Dipol speakers can only Sound good If they stand far away from the Back wall the reason is: early reflections cause Bad Sound. Dipol speakers got much more early reflections in rooms than normal speakers. Best OB would be a OB Line Array 1.8m away from the Back wall with good damping and Diffusion and the early reflections Points (Line Array because the floor and ceiling reflections would Not be a Problem anymore) (And Most ppl prefer a closed/Vented/PR sub under 250 Hz cause they Like the Feeling of the kick of the Drums) Yes Ob subs can sound good but you will notice Something is Missing, even If it goes down to 16Hz.
Sorry for my bad english.. Love your content greetings from Germany.
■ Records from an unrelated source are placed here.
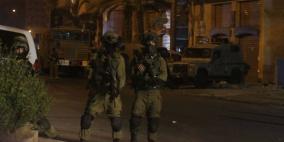 الاحتلال يعتقل 24 مواطنا من الضفة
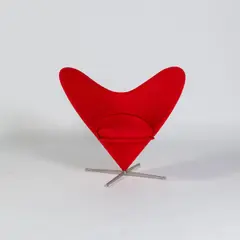 Sessel 'Heart Cone Chair' by Verner Panton, 1959, Kunststoff, glasfaserverstärkt, Textilstoff, rot, Edelstahl, gebürstet (Vitra, Birsfelden, 2000), sold Oct 2026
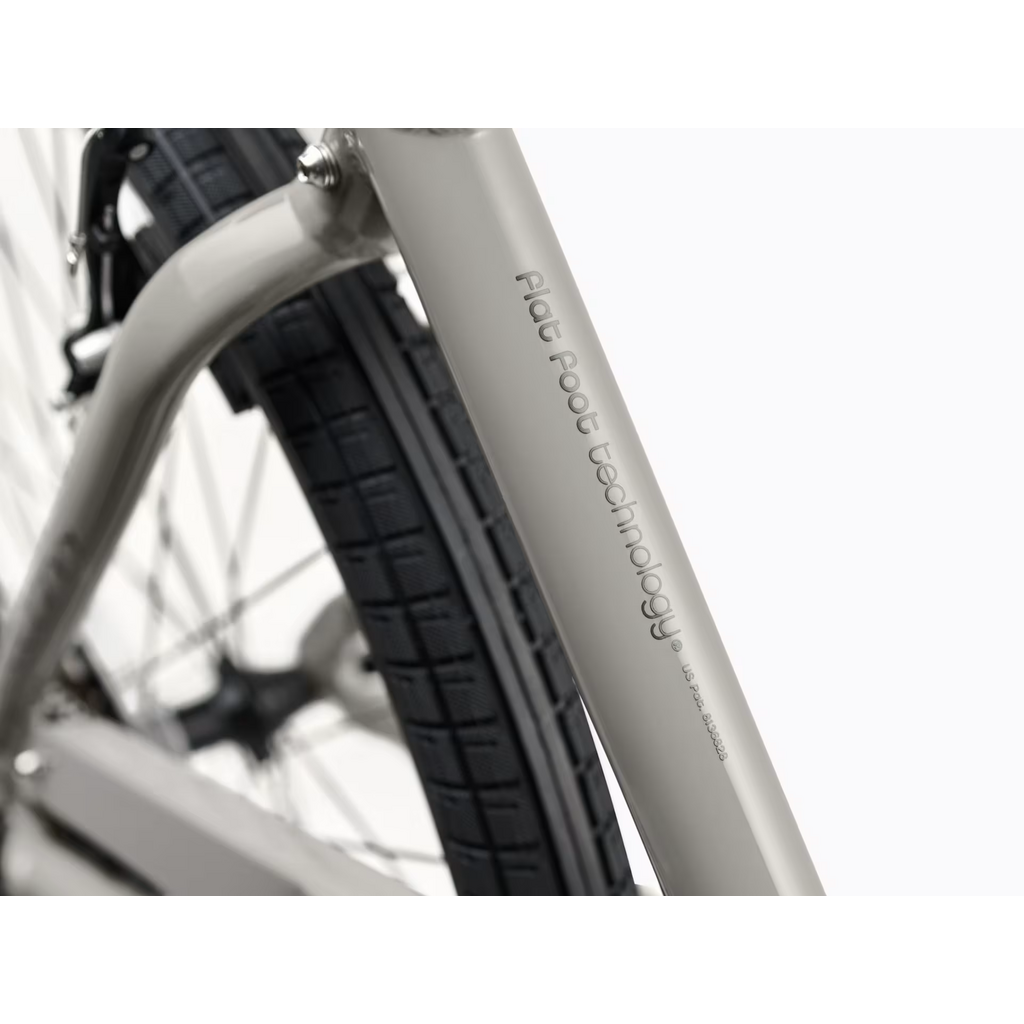 Electra Townie Original 7D Step Over Cement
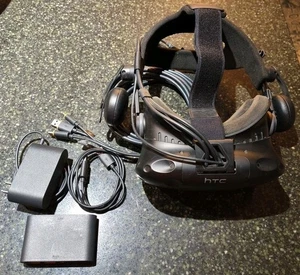 HTC VIVE VIRTUAL REALITY Headset OPJT100 W/ Deluxe Audio strap & LINK BOX. CORDS - Picture 1 of 10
My 1959 house is a speaker box.
For indoor purposes only not vice versa
Siegfried Linkwitz went thru thru all these details long ago
Exactly....and the author here is totally wrong.
The long touted claim is, ... due to the manner in which they interact with the room, dipoles generate a higher level of direct sound and diminished amount of room sound to the listener.
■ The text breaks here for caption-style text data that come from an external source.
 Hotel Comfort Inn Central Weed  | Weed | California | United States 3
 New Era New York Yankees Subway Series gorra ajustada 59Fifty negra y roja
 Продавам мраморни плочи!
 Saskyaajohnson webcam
It's not the magnitude of the rearward energy that's important, it's the polarity is the mechanism here.
Thus in dipole the energy doesn't pulse the space with a coherent pressure wave (as does a monopole).
Listeners in rooms appreciate the velocity component of the propagation in addition to the pressure.
We experience sound so radically different then mics capture that energy.
It seems our discernment is high, yet our aural memory flawed.
"Listeners in rooms appreciate the velocity component of the propagation in addition to the pressure. "
Any proof of that?
@@misterhat5823
Yes
Explain how a monopole pulses a coherent pressure wave in a way that's different from a dipole.
@@IBuildIt
Acoustic polarity.
It's somewhat akin to what's done in live sound, steering of the LF to null the peak summation in a given direction (the mics), and optimize the forward experience.
Imagine from above looking down at a source in a ripple tank.
An out of polarity figure-of-eight, vs. a coherent omni-directional pulse.
All that seems like a given to me, I could be wrong.
A vital element here is likely intensity as well, which is the product of pressure and velocity.
Two identical dBSPL measurements can be perceived much differently. The same SPL is experienced with greater intensity when the velocity vector is additive ... nearfield, in the forward main lobe.
Thus, they generate elevated direct sound and diminished room sound (negative contributions from the room, acoustic distortions).
Like you said John, there's more there 𝘵𝘩𝘦𝘳𝘦.
Fortunately, that's accompanied by little penalty.
That's where the problems start, when the behavior of sound in a large room or outdoors is used to describe how it behaves in a small room. They are not the same at all, and that's especially true for bass.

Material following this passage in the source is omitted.